First of all, there’s the irrefutable fact that sitting in a hotel conference with some 500 other playwrights is enormously affirming and inspiring. I met colleagues who were just starting out and others who’ve been wildly successful on Broadway for decades.

Second, there were countless sessions that addressed our needs as playwrights both in terms of the craft (how to create character) and in terms of the business (how to protect intellectual property), as well as panels and keynotes featuring a wide array of successful theatrical creators. (Theresa Rebeck dishing on her experience with the TV show Smash and Stephen Schwartz dissecting the songs he created for Wicked and leading a singalong of “Day by Day” from Godspell.)

Finally, there were practical and hands-on workshops that I found to be very useful (using improv techniques to write, a clinic on how to write a good play synopsis) and a somewhat frenzied speed-dating evening with an array of Chicago-area theatre companies.

With all this going on, over and above the corridor and cocktail opportunities to meet my fellow writers, I was more astonished than I should have been when I discovered at the end of the conference that I’d barely stepped foot outside of the hotel.
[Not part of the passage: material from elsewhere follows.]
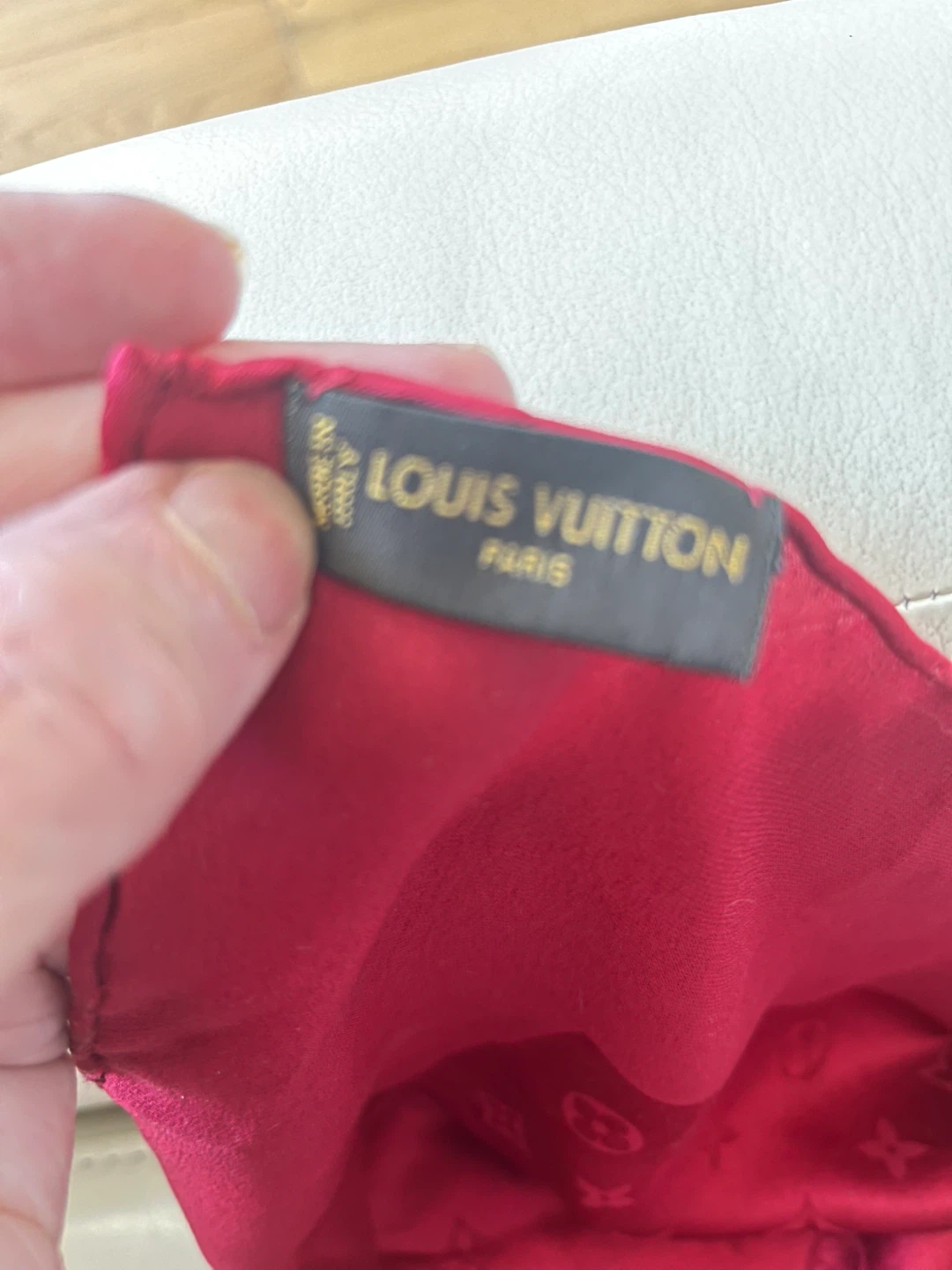 Authentic Louis Vuitton 100% silk scarf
In short, nothing like a roomful of playwrights to recharge the batteries and make me excited about what I do.

Addendum – here‘s a synopsis before-and-after from someone else who was in the clinic.

How I Spent My Summer Vacation

Friends of mine who are teachers are either busily preparing for the new school year or, in some cases, already well into it. (The idea of going back to school while it’s still August puzzles and depresses me.) For myself, I actually cannot recall writing an essay about how I spent my summer vacation away back in my own school days, but I suppose this might just be a suppressed memory.

Now, observant readers may have noticed a dearth of postings lately. (The crowds of those who didn’t notice I try not to think about.) This was a conscious choice, coming after a busy season with plays both old and new, and in anticipation of what promises to be another busy year ahead. On the one hand, I needed to focus my attention on a number of things that are not related to theatre or writing; on the other, my principal activity that was related to theatre and writing over the summer has been, well, writing. Writing new work (chiefly my new play at Thousand Islands Playhouse), and writing proposals for some new projects.

Writing about this kind of writing is probably not very interesting to read, but as my teacher friends prepare their lesson plans I’m realizing there are a few choice bits to share from the summer, and I’ll be posting these over the next little while as a way of ramping up to the new season ahead.